I decline any liability in cases of injury or lethal accident
List<MatOfPoint> squares = new ArrayList<MatOfPoint>();
public Mat onCameraFrame(CvCameraViewFrame inputFrame) {
if (Math.random()>0.80) {
findSquares(inputFrame.rgba().clone(),squares);
}
Mat image = inputFrame.rgba();
Imgproc.drawContours(image, squares, -1, new Scalar(0,0,255));
return image;
}
int thresh = 50, N = 11;
// helper function:
// finds a cosine of angle between vectors
// from pt0->pt1 and from pt0->pt2
double angle( Point pt1, Point pt2, Point pt0 ) {
double dx1 = pt1.x - pt0.x;
double dy1 = pt1.y - pt0.y;
double dx2 = pt2.x - pt0.x;
double dy2 = pt2.y - pt0.y;
return (dx1*dx2 + dy1*dy2)/Math.sqrt((dx1*dx1 + dy1*dy1)*(dx2*dx2 + dy2*dy2) + 1e-10);
}
// returns sequence of squares detected on the image.

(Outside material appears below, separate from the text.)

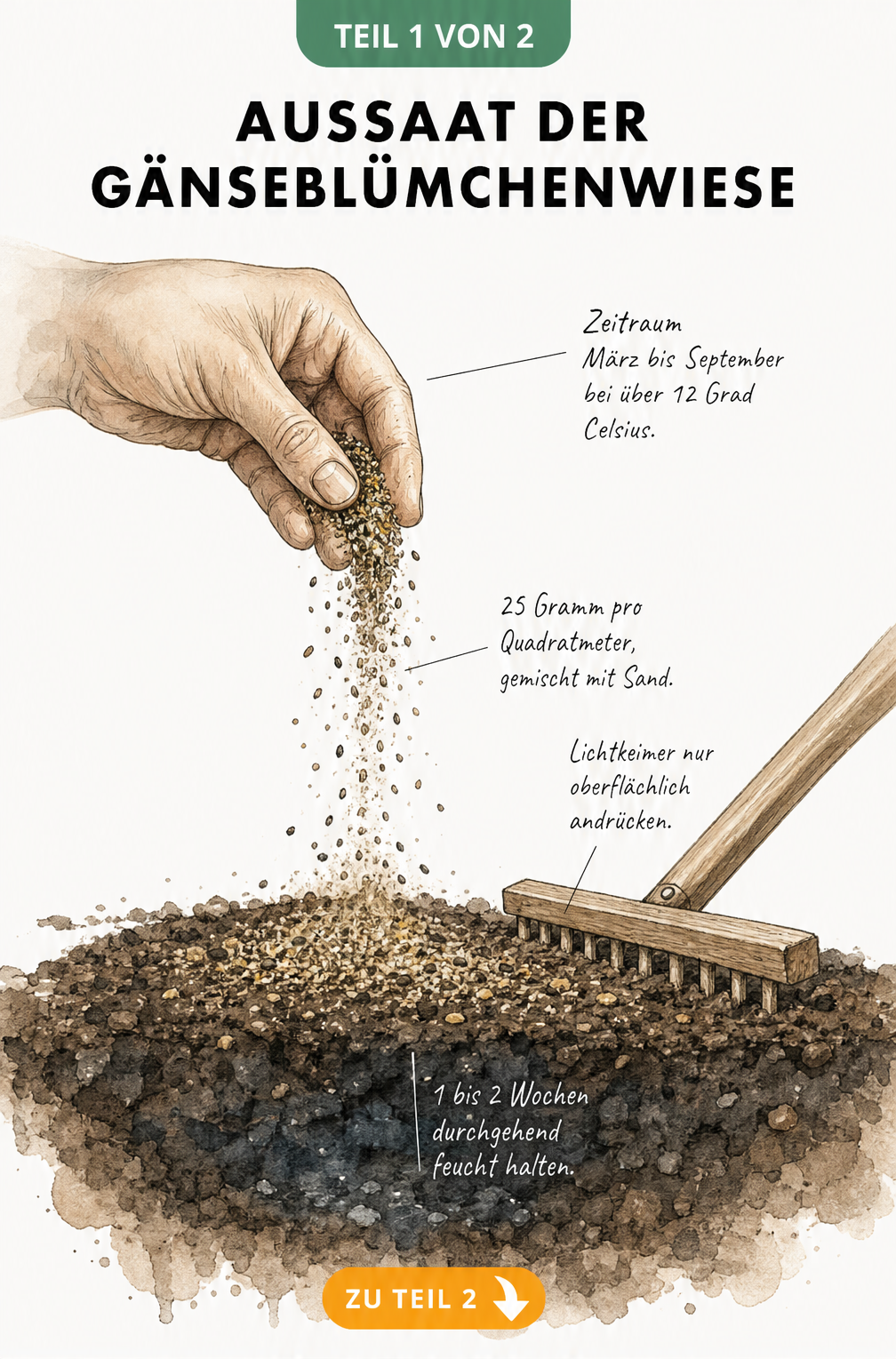 Botanische Querschnitt-Illustration eines Gartenbodens, auf den Gänseblümchensamen und Sand gestreut und mit einem Holzrechen angedrückt werden.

// the sequence is stored in the specified memory storage
void findSquares( Mat image, List<MatOfPoint> squares )
{
squares.clear();
Mat smallerImg=new Mat(new Size(image.width()/2, image.height()/2),image.type());
Mat gray=new Mat(image.size(),image.type());
Mat gray0=new Mat(image.size(),CvType.CV_8U);
// down-scale and upscale the image to filter out the noise
Imgproc.pyrDown(image, smallerImg, smallerImg.size());
Imgproc.pyrUp(smallerImg, image, image.size());
// find squares in every color plane of the image
for( int c = 0; c < 3; c++ )
{
extractChannel(image, gray, c);
// try several threshold levels
for( int l = 1; l < N; l++ )
{
//Cany removed... Didn't work so well
Imgproc.threshold(gray, gray0, (l+1)*255/N, 255, Imgproc.THRESH_BINARY);
List<MatOfPoint> contours=new ArrayList<MatOfPoint>();
// find contours and store them all as a list
Imgproc.findContours(gray0, contours, new Mat(), Imgproc.RETR_LIST, Imgproc.CHAIN_APPROX_SIMPLE);
MatOfPoint approx=new MatOfPoint();
// test each contour
for( int i = 0; i < contours.size(); i++ )
{
// approximate contour with accuracy proportional
// to the contour perimeter
approx = approxPolyDP(contours.get(i), Imgproc.arcLength(new MatOfPoint2f(contours.get(i).toArray()), true)*0.02, true);
// square contours should have 4 vertices after approximation
// relatively large area (to filter out noisy contours)
// and be convex.
// Note: absolute value of an area is used because
// area may be positive or negative - in accordance with the
// contour orientation
if( approx.toArray().length == 4 &&
Math.abs(Imgproc.contourArea(approx)) > 1000 &&
Imgproc.isContourConvex(approx) )
{
double maxCosine = 0;
for( int j = 2; j < 5; j++ )
{
// find the maximum cosine of the angle between joint edges
double cosine = Math.abs(angle(approx.toArray()[j%4], approx.toArray()[j-2], approx.toArray()[j-1]));
maxCosine = Math.max(maxCosine, cosine);
}
// if cosines of all angles are small
// (all angles are ~90 degree) then write quandrange
// vertices to resultant sequence
if( maxCosine < 0.3 )
squares.add(approx);
}
}
}
}
}
void extractChannel(Mat source, Mat out, int channelNum) {
List<Mat> sourceChannels=new ArrayList<Mat>();
List<Mat> outChannel=new ArrayList<Mat>();
Core.split(source, sourceChannels);
outChannel.add(new Mat(sourceChannels.get(0).size(),sourceChannels.get(0).type()));
Core.mixChannels(sourceChannels, outChannel, new MatOfInt(channelNum,0));
Core.merge(outChannel, out);
}
MatOfPoint approxPolyDP(MatOfPoint curve, double epsilon, boolean closed) {
MatOfPoint2f tempMat=new MatOfPoint2f();
Imgproc.approxPolyDP(new MatOfPoint2f(curve.toArray()), tempMat, epsilon, closed);
return new MatOfPoint(tempMat.toArray());
}
There are some related questions here in SO. Check them out:
OpenCV C++/Obj-C: Detecting a sheet of paper / Square Detection
How do I recognize squares in this image?
There is also an example shipped with OpenCV:
https://code.ros.org/trac/opencv/browser/trunk/opencv/samples/cpp/squares.cpp?rev=4079
Once you have the rectangle, you can align the picture by computing the homography with the rectangle corners and applying a perspective transform.